Nope, they just replace the $ with an €. American wii:249$, European wii:249€
American dsi 100 points card:10$, European dsi 1000 points card: €10


----------



## Sephi (Nov 8, 2009)

I'm quite poor. Not to mention it's much easier, and more convenient to do DS piracy.


----------



## Chopders (Nov 8, 2009)

I'm pirating because there is too many games out there to buy them all. But since I'm downling them, I never bought that much of games! I have 27 NDS games, the last time that I had that amount of games was during the NES era. Owned


----------



## Ducky (Nov 8, 2009)

dude.. WE PAY FOR THE INTERNET WE USE . We use the internet to download the game - Therfore we paid money to get the game.


----------



## Blaze163 (Nov 8, 2009)

Raven Darkheart said:
			
		

> The TC reminds me of this Dash Jr. clown over at gamefags.com and theres no reason to drag out this dead horse every quarter is there?



Ah yes, Dash_Jr. Whatever happened to him? He kinda just admitted defeat after my last great crusade against him over on Gamefaqs (also as Blaze163) and nobody's heard a peep from him since. There was one recently called LawlietL, again on the DS boards. But he got suspended twice over the same KH Days topic then vanished into the aether. There's one called SSJ Trunks 2 or something along those lines too. But he seems more childish than trolly, to be honest. He was going on at great length about how breaking street dates is illegal (not that anyone cares) and how pirating games is killing the industry. Yeah, 'cause Nintendo's bank account is really suffering.

BTW, the kids in my street choose to pirate for three reasons:

1) Thanks to the 'credit crunch' their parents have lost their jobs and thus they have no choice but to pirate to get any new games, such is the case with Callum.
2) They all got CycloDS Evo's because they copy anything I do for some reason.
3) They're only kids and they can still see the financial benefits of piracy. Pay £30-35 per game, or make a one-off payment of £45 to get a CDE with a 2GB memory card, thus having every DS game ever created. Simple logic, really.

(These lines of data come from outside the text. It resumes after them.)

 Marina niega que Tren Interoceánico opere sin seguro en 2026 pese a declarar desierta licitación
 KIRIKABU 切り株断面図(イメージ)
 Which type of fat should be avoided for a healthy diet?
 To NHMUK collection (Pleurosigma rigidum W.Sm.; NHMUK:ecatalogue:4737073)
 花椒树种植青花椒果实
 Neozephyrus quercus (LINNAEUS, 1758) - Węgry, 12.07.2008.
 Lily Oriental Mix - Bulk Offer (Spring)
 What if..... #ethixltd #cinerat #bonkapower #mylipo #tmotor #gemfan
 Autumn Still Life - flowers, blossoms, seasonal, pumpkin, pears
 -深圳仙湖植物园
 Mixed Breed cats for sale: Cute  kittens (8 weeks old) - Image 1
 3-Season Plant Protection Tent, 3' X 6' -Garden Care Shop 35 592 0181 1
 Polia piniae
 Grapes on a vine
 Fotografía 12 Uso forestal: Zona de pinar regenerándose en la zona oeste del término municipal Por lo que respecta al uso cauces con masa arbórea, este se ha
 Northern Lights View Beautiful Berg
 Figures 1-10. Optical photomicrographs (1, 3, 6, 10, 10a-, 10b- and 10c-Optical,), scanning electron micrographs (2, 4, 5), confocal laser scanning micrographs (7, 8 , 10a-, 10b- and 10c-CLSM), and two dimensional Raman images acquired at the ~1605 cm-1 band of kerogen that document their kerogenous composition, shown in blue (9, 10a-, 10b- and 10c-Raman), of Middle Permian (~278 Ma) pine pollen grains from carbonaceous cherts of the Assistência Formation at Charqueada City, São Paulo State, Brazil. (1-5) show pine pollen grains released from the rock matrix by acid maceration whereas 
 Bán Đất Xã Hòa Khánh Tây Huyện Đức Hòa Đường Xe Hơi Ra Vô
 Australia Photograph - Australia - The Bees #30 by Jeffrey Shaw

EDIT: Another damn fine reason to turn to piracy, translations. If I want to play ASH, Soma Bringer, etc, piracy is my only option. The developers have no intentions of releasing these games in English, ever. The pirate community is willing to do so. There's no profit in it for them, they do it simpy because they can. The pirates provide a valuable service that that we would otherwise be denied. The makers of Soma Bringer should realise that there must be pretty high demand for their game if people are willing to translate it for free. Take that as a sign and release the damn thing in English officially, so those who want to play it but aren't prepared to turn to piracy will be able to. I'm pretty certain an English version of Soma Bringer would sell pretty damn well.


----------



## GreatZimkogway (Nov 8, 2009)

I pirate because I'm poor.  I can't afford games, thus I pirate.  Besides, it saves money.  And a lot of games aren't worth buying anyway.


----------



## Scorpin200 (Nov 8, 2009)

Because all these companies are thieves.



			
				shinkukage09 said:
			
		

> I pirate because I'm poor.  I can't afford games, thus I pirate.  Besides, it saves money.  And a lot of games aren't worth buying anyway.




thank u you it really shouldn't be that obvious to some people though.


----------



## ninchya (Nov 9, 2009)

Because it saves money instead of buying expensive games that arent work it like imagine games waste of money and terrible game.  And i mean out of the majority most people buy their games anyways while only people who are on this forum do it. It aint hurting the company since their rich anyways.


----------



## CheatingSoi (Nov 9, 2009)

Once you start, its like an addiction. Theres no stopping it. I mean, if youve got a computer, and internet, its avaible. I could never buy a game at this point because I could never tell myself to spend 50 bucks rather than paying nothing. This is why I have not modded my 360, I don't pirate on it, don't feel the need to pirate and the games are more fun because of it. (However it also has to do with not knowing what i'm doing, having to buy dvd dual layers and the ban waves  
	

	
	
		
		

		
		
	


	




)


----------



## iFish (Nov 9, 2009)

and to flash it you have to open it


----------



## Skyline969 (Nov 9, 2009)

Rayder said:
			
		

> Free better than pay.  What more do you want me to say.  Because I can, OK?
> 
> I mean, come on, click, click, free game, yay!.  Do I really need to spell it all out?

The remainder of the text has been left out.